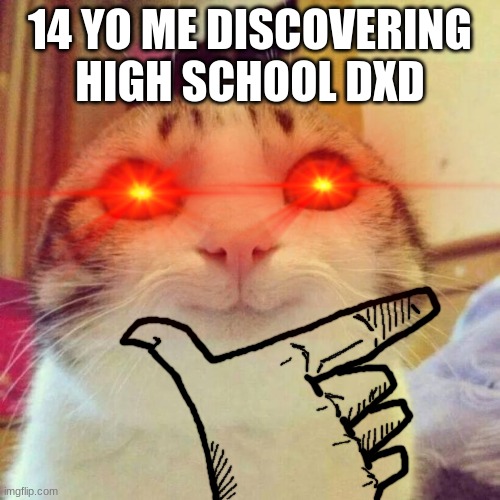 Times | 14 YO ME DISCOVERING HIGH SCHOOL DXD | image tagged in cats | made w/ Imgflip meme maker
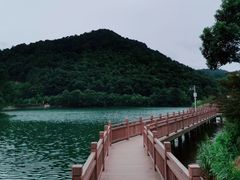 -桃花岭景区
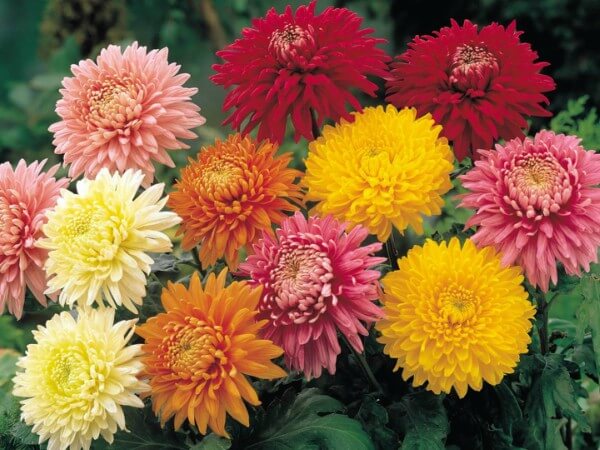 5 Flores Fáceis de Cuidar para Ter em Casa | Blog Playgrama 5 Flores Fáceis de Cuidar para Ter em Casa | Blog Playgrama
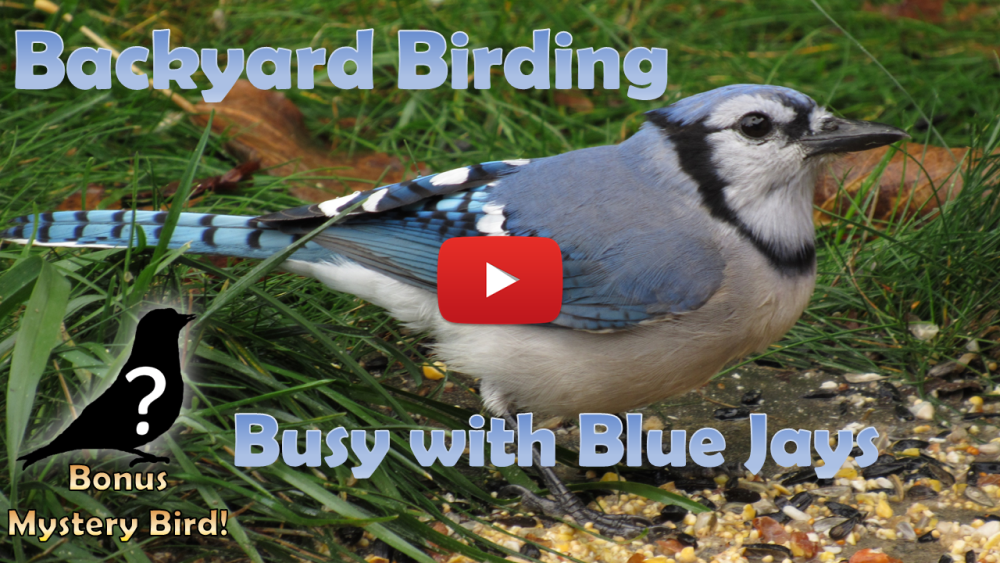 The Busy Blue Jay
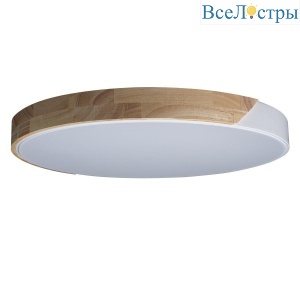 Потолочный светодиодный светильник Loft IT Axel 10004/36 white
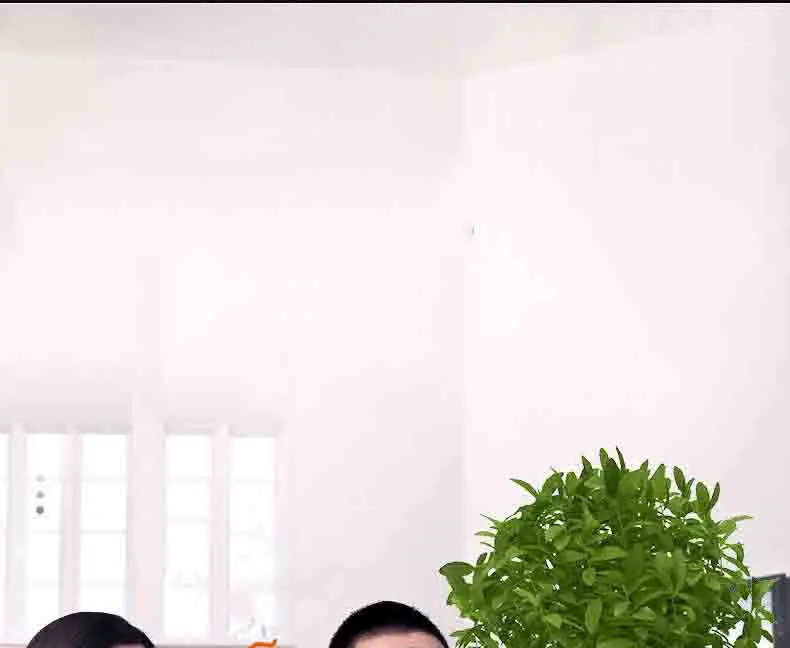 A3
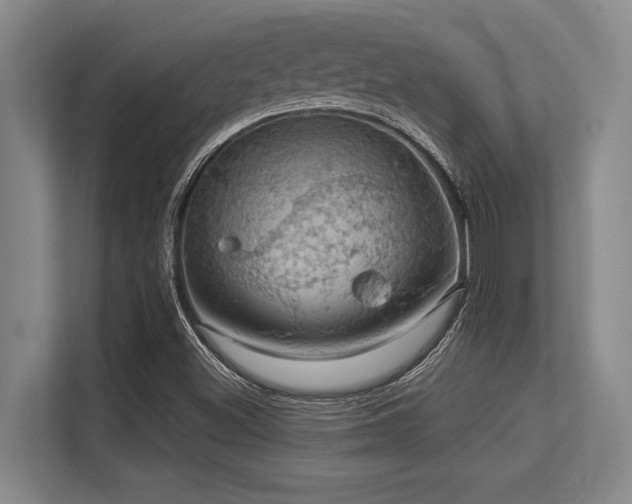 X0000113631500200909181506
* * *
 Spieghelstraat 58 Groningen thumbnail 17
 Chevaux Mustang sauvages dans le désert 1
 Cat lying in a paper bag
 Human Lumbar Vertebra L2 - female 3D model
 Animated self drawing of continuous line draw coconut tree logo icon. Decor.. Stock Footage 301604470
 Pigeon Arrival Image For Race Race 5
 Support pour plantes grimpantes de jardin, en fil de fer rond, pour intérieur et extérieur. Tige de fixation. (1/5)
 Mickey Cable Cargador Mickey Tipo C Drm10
---
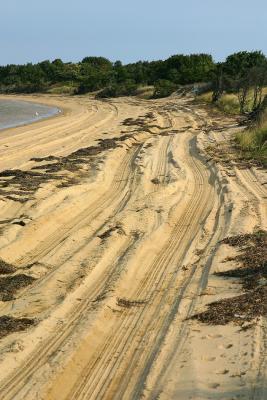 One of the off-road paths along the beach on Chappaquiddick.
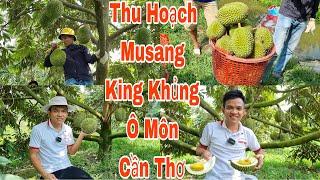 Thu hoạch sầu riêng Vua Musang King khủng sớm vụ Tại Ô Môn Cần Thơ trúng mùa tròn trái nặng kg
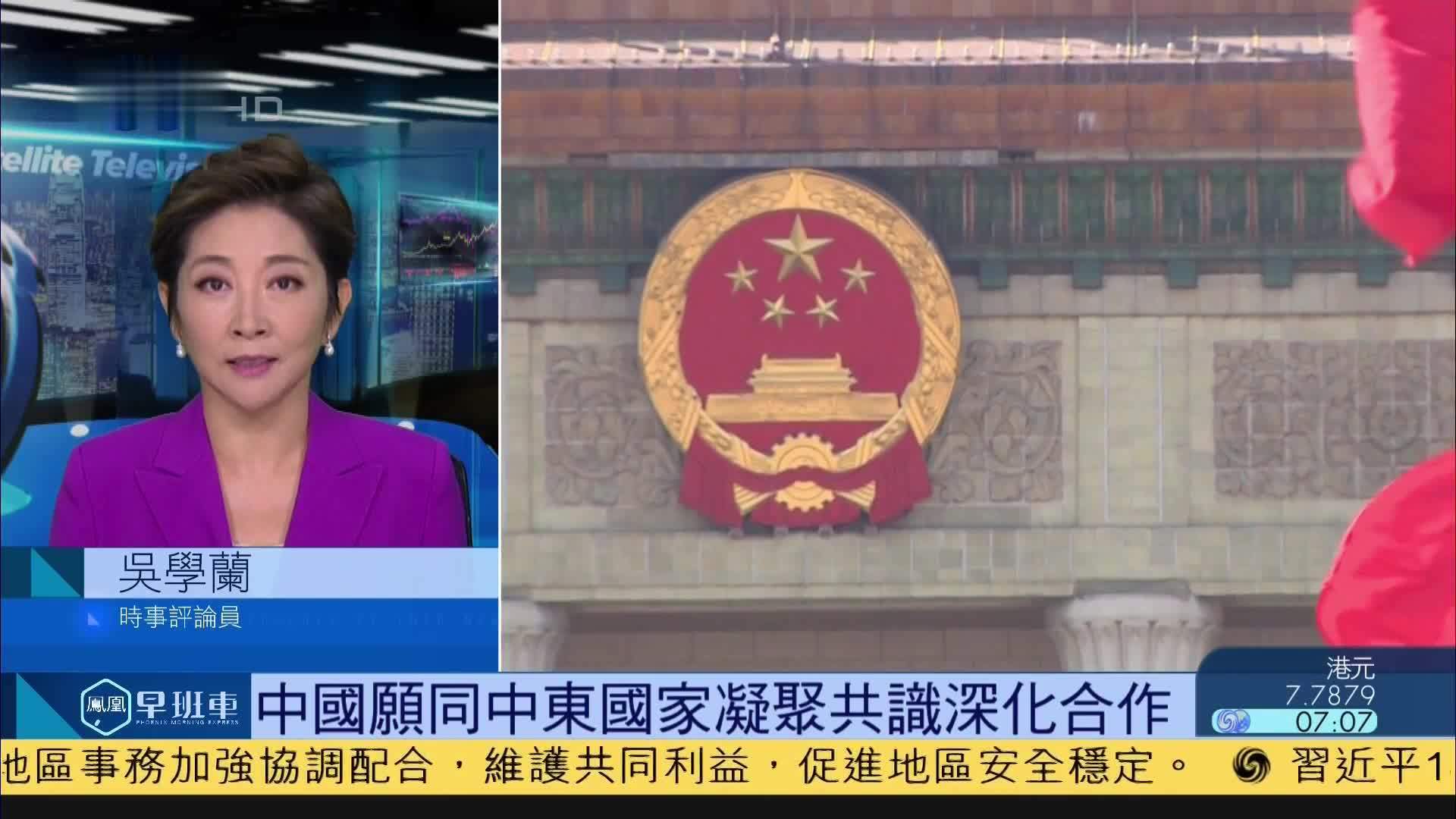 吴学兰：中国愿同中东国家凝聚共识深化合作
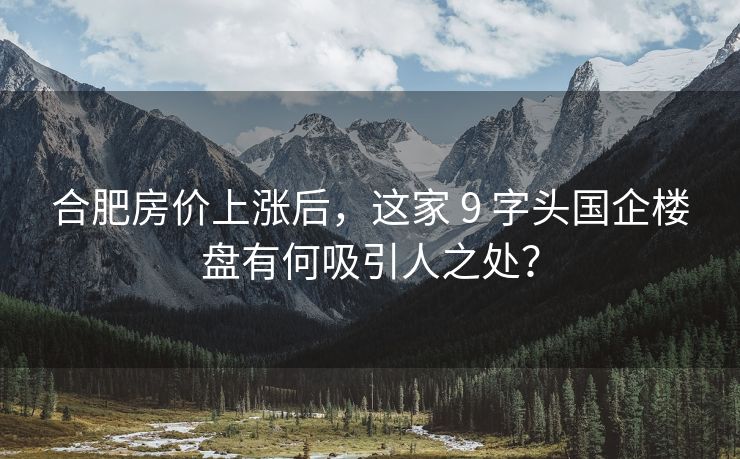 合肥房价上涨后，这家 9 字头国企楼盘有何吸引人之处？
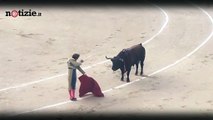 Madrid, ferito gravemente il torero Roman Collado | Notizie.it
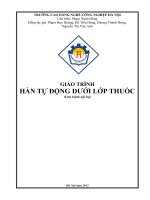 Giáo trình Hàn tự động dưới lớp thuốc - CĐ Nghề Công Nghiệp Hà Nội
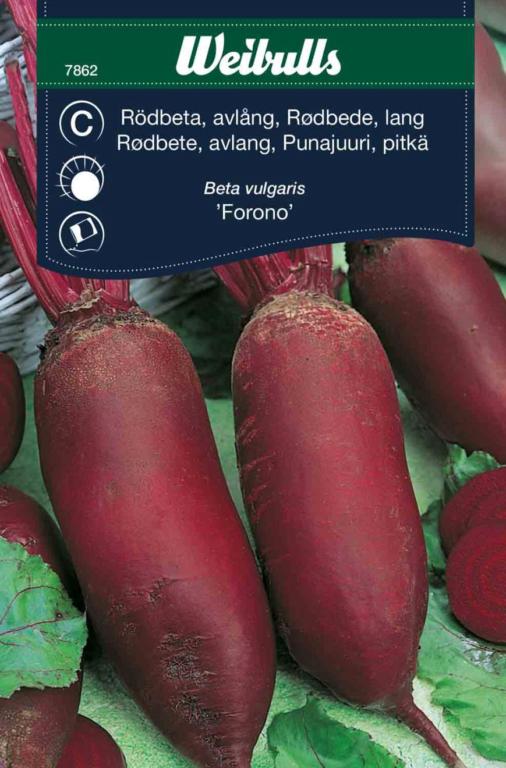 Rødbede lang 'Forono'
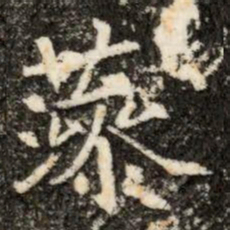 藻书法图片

What to do: Please copy out from the data above, without any picture, exactly the lines running from the one that holds "Times | 14 YO" through the one that holds "X0000113631500200909181506", and nothing beyond them.

Task response:
 Times | 14 YO ME DISCOVERING HIGH SCHOOL DXD | image tagged in cats | made w/ Imgflip meme maker
 -桃花岭景区
 5 Flores Fáceis de Cuidar para Ter em Casa | Blog Playgrama 5 Flores Fáceis de Cuidar para Ter em Casa | Blog Playgrama
 The Busy Blue Jay
 Потолочный светодиодный светильник Loft IT Axel 10004/36 white
 A3
 X0000113631500200909181506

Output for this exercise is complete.